- Work to complete
Copy exactly the stretch of lines from the one holding "Nowa Reforma. 1904, nr 96" through the last line of the data below, inclusive. Leave out pictures.

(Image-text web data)
◆ ◆ ◆

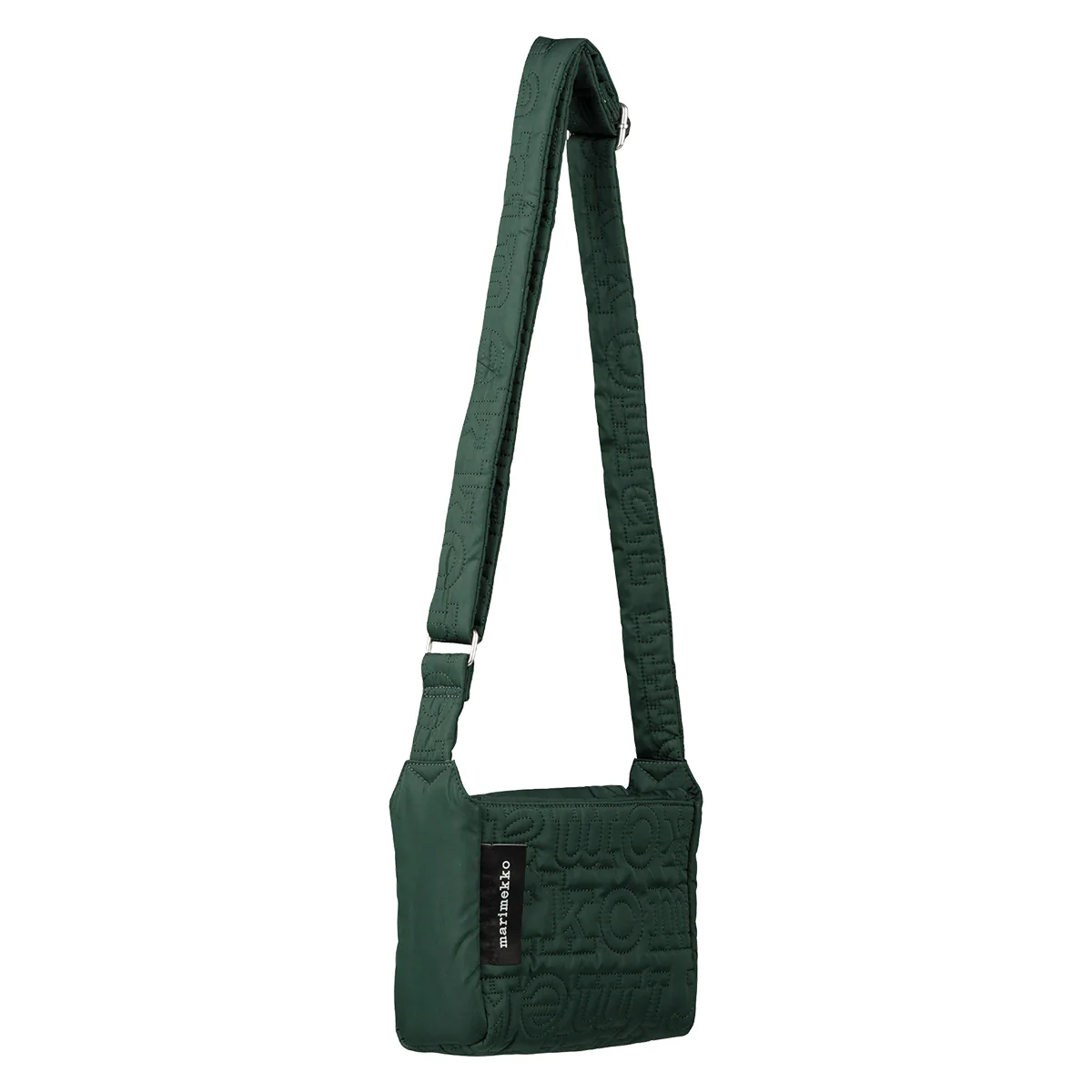 Marimekko Logo Dark Green Small Crossbody Shoulder Joy Bag - Image 3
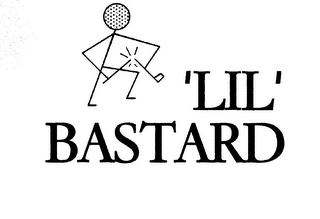 'LIL' BASTARD logo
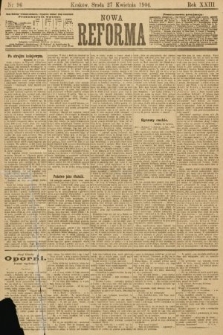 Nowa Reforma. 1904, nr 96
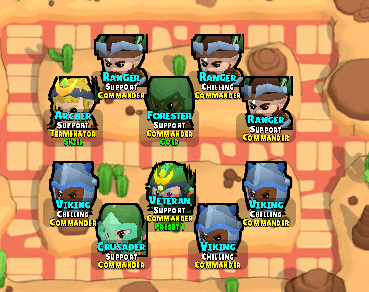 Rank 1000 XP Tagging layout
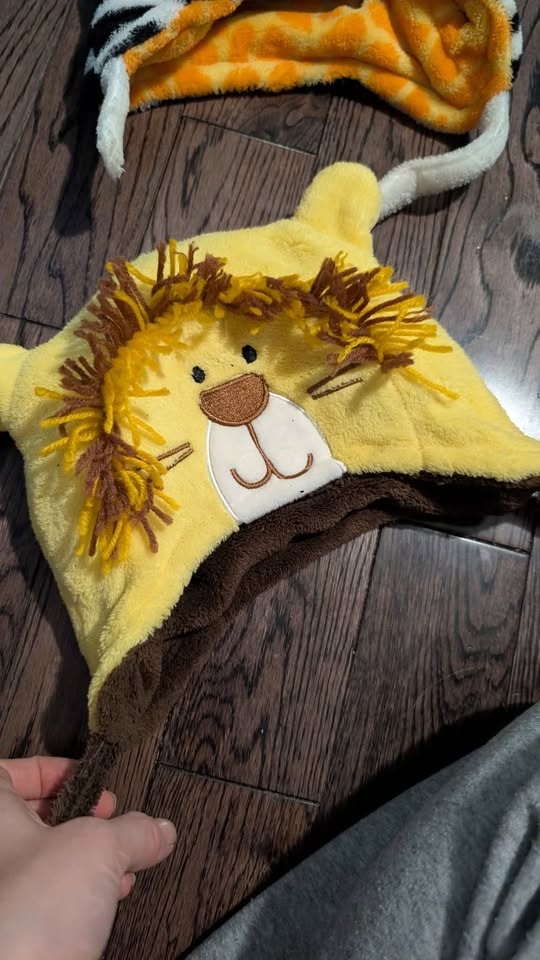 Reversible Animal Hats! 6m-2years - photo 5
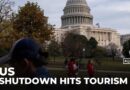 US shutdown fallout: Tourist attractions closed in Washington, DC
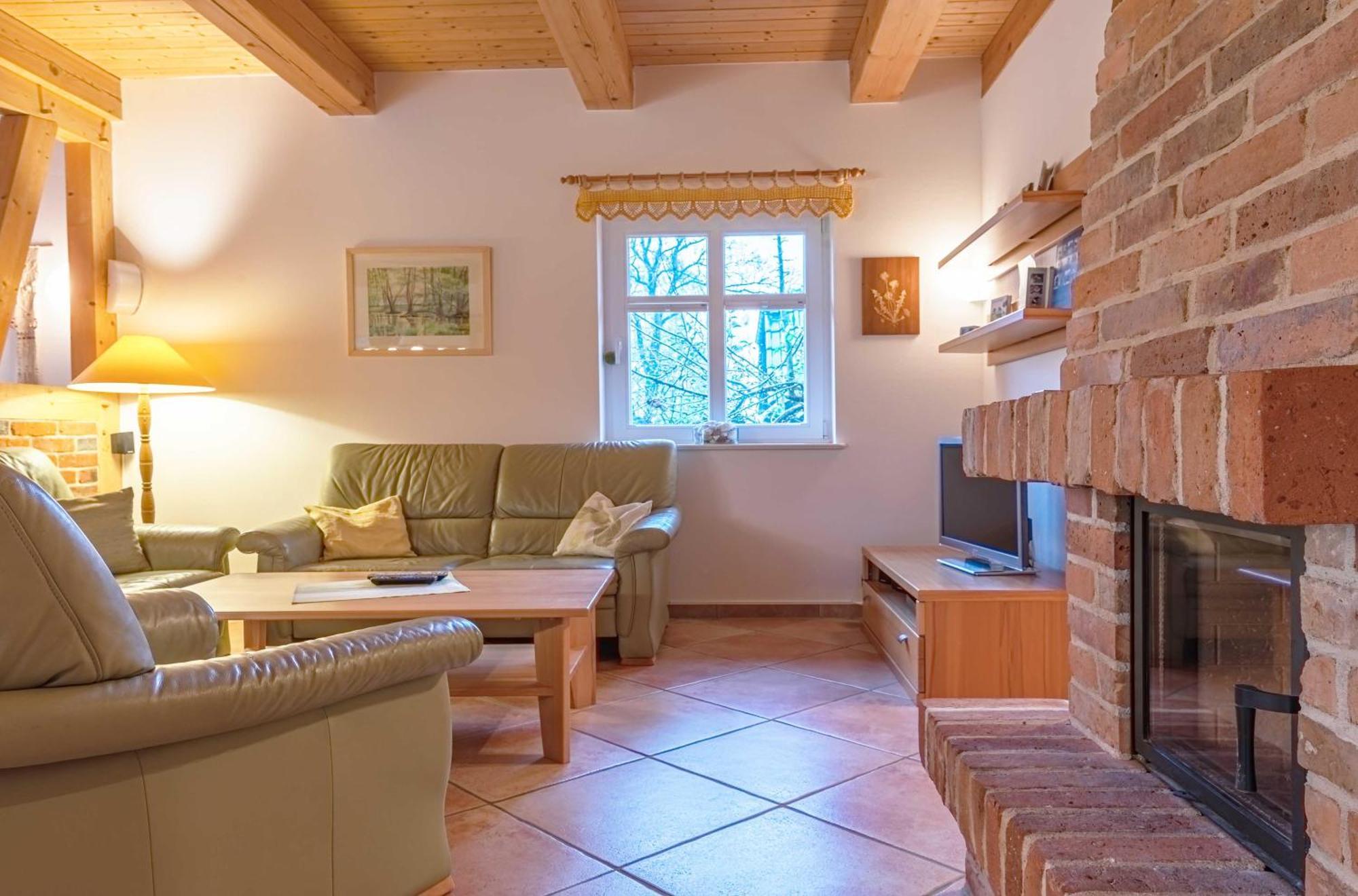 Havelquelle Mit Sauna Und Garten Kratzeburg 外观 照片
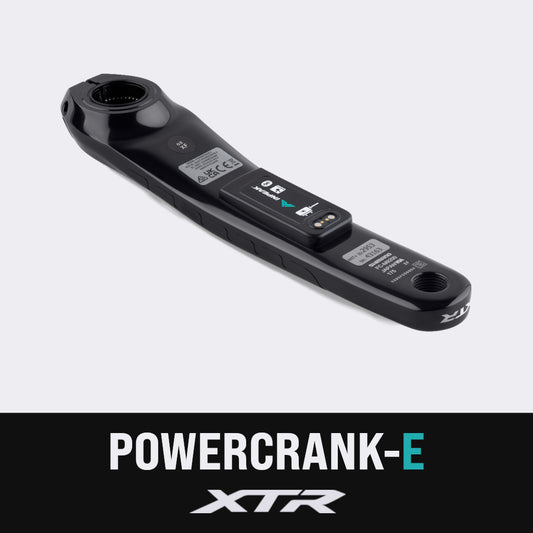 Manivelle Gauche Capteur de Puissance INPEAK POWERCRANK-E Shimano XTR M9200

◆ ◆ ◆

- Response below
 Nowa Reforma. 1904, nr 96
 Rank 1000 XP Tagging layout
 Reversible Animal Hats! 6m-2years - photo 5
 US shutdown fallout: Tourist attractions closed in Washington, DC
 Havelquelle Mit Sauna Und Garten Kratzeburg 外观 照片
 Manivelle Gauche Capteur de Puissance INPEAK POWERCRANK-E Shimano XTR M9200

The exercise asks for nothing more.